Dr. Leonard M. Fuson was born in Dalhart, Texas on November 17th, 1929 to Lloyd and Frances Fuson. June 15th, 1951, he married an "Abernathy girl," as the newspaper headline read. What the newspaper couldn't have told you is that they would share over 70 years together in what can only be described as a love for the ages.
In the early hours of Monday, October 11, he left this world and its inhabitants better than he found them. In the final act of his lifelong endeavor to stay out of everyone's hair and never cause anyone any trouble, he passed peacefully in his sleep with family at his side, but not before sticking around to properly enjoy his alma mater's historic victory over Alabama.

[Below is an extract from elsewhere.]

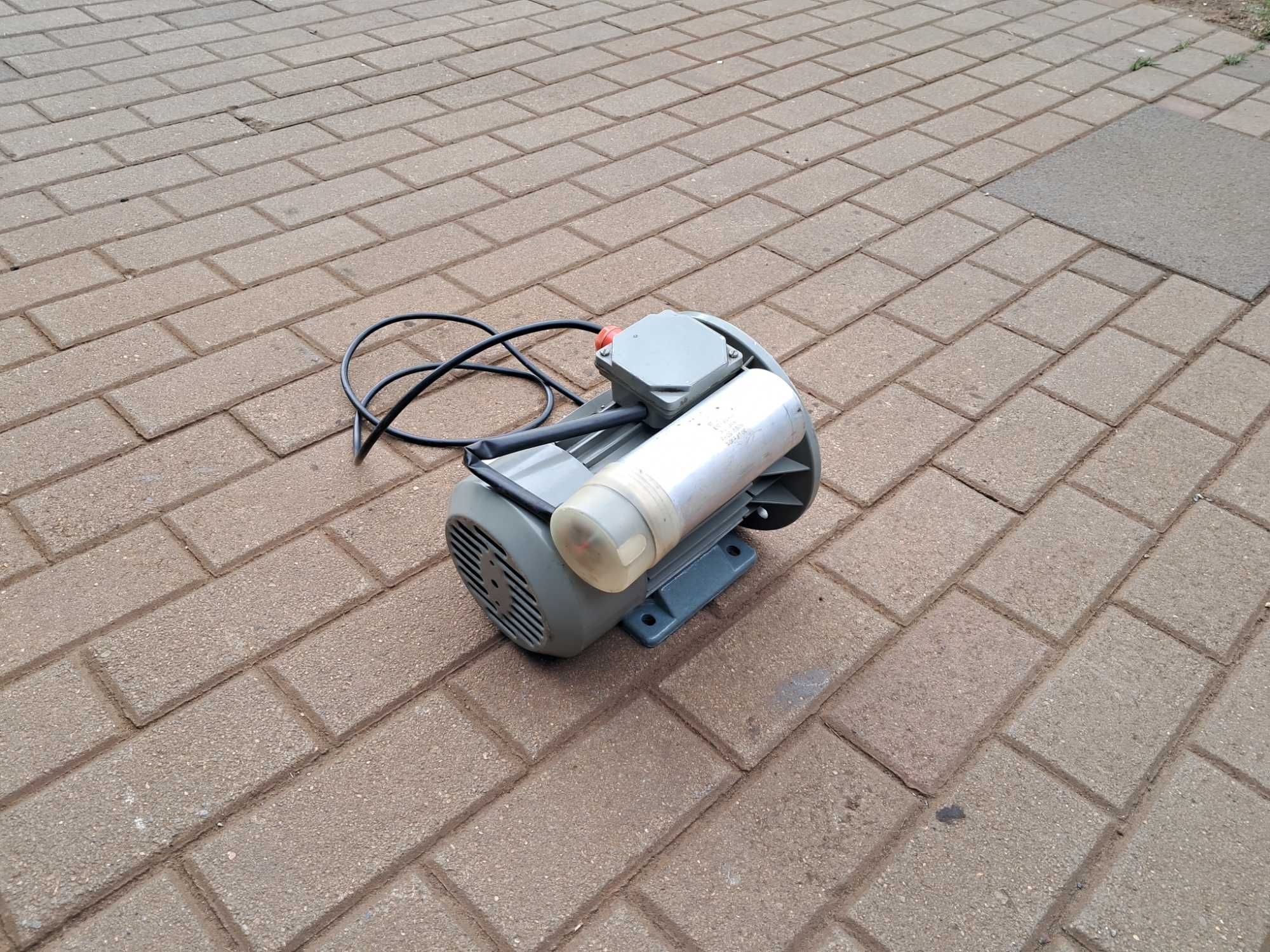 Silnik elektryczny 1,1kw 2820 obrotów 220v,230v 1-faz Polski.Wysyłka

Even unconscious, when we told him Texas A&M won, his ear-to-ear grin was unmistakable. To the players: thank you for giving your biggest (and possibly oldest) fan a proper send-off and a beautiful moment of unbridled joy. You gave us a memory we'll treasure as long as we live. Gig 'em, Aggies.
A singularly devout man, it was clear that he took the gospel to heart in all things. As he moved through life with arms outstretched, extending love and compassion to neighbors and animals alike, it's little wonder that so many simply know him as "Doc." From the first Wednesday after moving to Waldron, he attended the Waldron Church of Christ, and he must have made the same impression on them that he made on his wife when they met for the first time at a church in Lubbock ten years prior.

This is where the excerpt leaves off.